As joyful as the holidays can be, it can also be a time of great pain for those who have endured losing a loved one.
According to Dr. Charletta Dennis, Medical Director of Behavioral Health at Priority Health, many people who've suffered a loss such as this experience a range of emotions during this period, including sadness, loneliness and even anger.
"These feelings can be heightened due to the emphasis on togetherness and celebration that the holidays often bring," Dr. Dennis said. "It's completely normal to feel a sense of longing for your loved one and to find it challenging to engage in festive activities. Remember, it's OK to feel a mix of emotions and to take the time you need to process your grief."

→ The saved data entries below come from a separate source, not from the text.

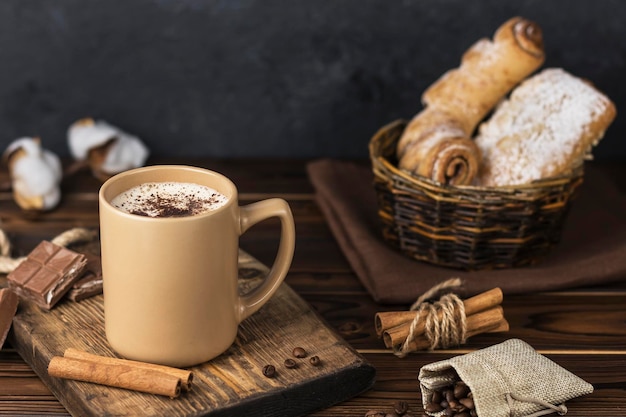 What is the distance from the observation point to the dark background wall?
185cm

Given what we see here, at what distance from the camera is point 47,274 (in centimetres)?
123

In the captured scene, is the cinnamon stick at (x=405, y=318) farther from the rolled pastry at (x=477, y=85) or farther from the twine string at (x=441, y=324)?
the rolled pastry at (x=477, y=85)

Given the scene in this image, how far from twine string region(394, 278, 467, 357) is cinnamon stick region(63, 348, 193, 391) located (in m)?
0.31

One approach Dr. Dennis recommends for families take is to modify or create new traditions that honor their loved one's memory while also considering their own current emotional needs.
"This could involve making a special dish that your loved one enjoyed, lighting a candle in their honor or sharing fond memories together," she shared. "It's also important to give yourself permission to skip certain activities if they feel too overwhelming. The key is to find a balance that allows you to honor your loved one while also taking care of yourself."
Creating new traditions could look a number of different ways, with Dr. Dennis suggesting setting aside a specific time during the holidays to share stories and memories; creating a memorial ornament or decoration; or engaging in an activity that was special to your loved one.
"The key is to choose something that feels right for you and that brings a sense of connection and peace."
And while discussing loss with family and friends can be a delicate matter, Dr. Dennis acknowledges the importance of communicating one's feelings, as a person's closest circle can play a vital role in supporting them in their grief.
"Be honest about your emotions and let others know what you need, whether it's a listening ear, a comforting hug or some space to reflect," she said, noting it can be helpful to set boundaries and let your loved ones know if there are certain topics or traditions that you find particularly difficult. "Remember: it's OK to express your grief and to ask for support—your family and friends likely want to help you through this time."
If you're looking to support someone who is grieving this time of year, it's important to be patient and understanding, as grief can manifest in various ways.
"Offering practical support, such as helping with holiday preparations or providing meals, can also be very helpful," Dr. Dennis shared. "Encouraging the person to talk about their loved one and to engage in activities they enjoy can provide comfort and a sense of normalcy."
It's not uncommon for a sense of guilt to accompany any feelings of joy in your life following the passing of a loved one. However, feeling happiness doesn't mean you're not grieving.
"Your loved one would likely want you to find moments of joy and to continue living your life fully. Allow yourself to feel happiness without judgment and remind yourself that it doesn't diminish the love you have for the person you've lost," Dr. Dennis encouraged. "It's possible to honor their memory while also embracing the present."
Dr. Dennis explains how children may have a particularly difficult time processing grief during the holidays.
"They might feel confused, angry or even guilty," Dr Dennis said, adding how it's crucial for caregivers to provide a safe space for children to express their emotions and to reassure them that it's OK to feel a range of feelings. "Simple, honest conversations and maintaining some sense of routine can help. Additionally, involving children in new or adapted traditions to honor the loved one can provide comfort and a sense of connection."
Because grief is both personal and highly nuanced, and presents itself uniquely in each individual, it may be difficult to tell when it's time for professional intervention.
"If you find that your grief is interfering significantly with your daily functioning, it may be time to seek professional help," Dr. Dennis advised. "Signs that you might need additional support include persistent feelings of hopelessness, withdrawal from social connections or an inability to manage daily tasks. Speaking with a therapist or counselor can provide a safe space to explore your emotions and develop coping strategies."
Ultimately, Dr. Dennis emphasizes the importance self-care during one's time of mourning.
"Grief can be exhausting, both emotionally and physically, so it's crucial to take care of yourself," she said. "This might mean setting aside quiet time for reflection, engaging in activities that bring you joy, or seeking support from a therapist or counselor. Remember that it's OK to ask for help and to prioritize your well-being.
"The holidays can be a challenging time, but with compassion for yourself and support from your loved ones, you can navigate this period with strength and grace."